Il prosieguo del film è su questa linea, Haneke decide di spezzettare il tutto, creando una sorta di film corale che continua a seguire gli avvenimenti dei personaggi a partire da questo episodio regalando ancora ottime sequenze, introducendo altri personaggi secondari, come il marito della donna, reporter di guerra, come si vede più di una volta, spesso incompreso dagli amici per via del suo mestiere o andando a conoscere meglio la famiglia del ragazzo di colore, con alcuni episodi emblematici, come quello del figlio accusato di fumare marijuana ed incastrato da uno dei suoi compagni perché fin dalla scuola ai ragazzi vengono inculcati i luoghi comuni, quindi quale capro espiatorio migliore di un ragazzino di colore? Mostrando il problema all'origine, un'altra rappresentazione nera, quasi senza speranza dell'uomo da parte del regista, fino ad arrivare all'angosciante sequenza in metropolitana, con l'uomo che importuna la protagonista e una fredda indifferenza da parte degli altri presenti che mette a disagio, soltanto uno di loro avrà un atto di buonsenso prendendone le difese, in questo caso Haneke adotta ancora una volta la sua inquadratura distaccata, un campo largo a camera fissa che fa muovere i personaggi nello spazio senza staccare mai, un punto di vista quasi da telecamera di sorveglianza che però crea una tensione altissima data dalla natura intimidatoria dei soggetti.
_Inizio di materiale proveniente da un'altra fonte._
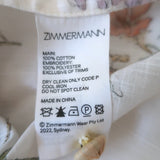 Zimmermann Jeannie Scalloped Puff-Sleeve Blouse White Floral Print Cotton Size 0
O ancora, porta spesso il focus sulle vicende della mendicante, tornata in patria a raccontare le sue esperienze da clochard alla famiglia, con un forte senso di vergogna, causata anche dall'insensibilità dei passanti che la vedono sporca, o ancora, le vicende di Anne, che si mischiano al suo lavoro di attrice, e con quella lettera ricevuta da una bambina apparentemente in pericolo, non considerata da lei e dal compagno, in una scena abbastanza emblematica al supermercato in cui lui è più coinvolto a pensare a cosa prendere da mangiare rispetto al contenuto della lettera, rendendo il tutto abbastanza straniante.
Nel complesso, una bella opera, nera analisi della natura umana in una società sempre più improntata all'egoismo e ad un forte distacco emotivo, efficace la scelta di rendere le storie incomplete narrativamente come a non dare una vera e propria fine a questo fenomeno, ben recitato e con un gran montaggio.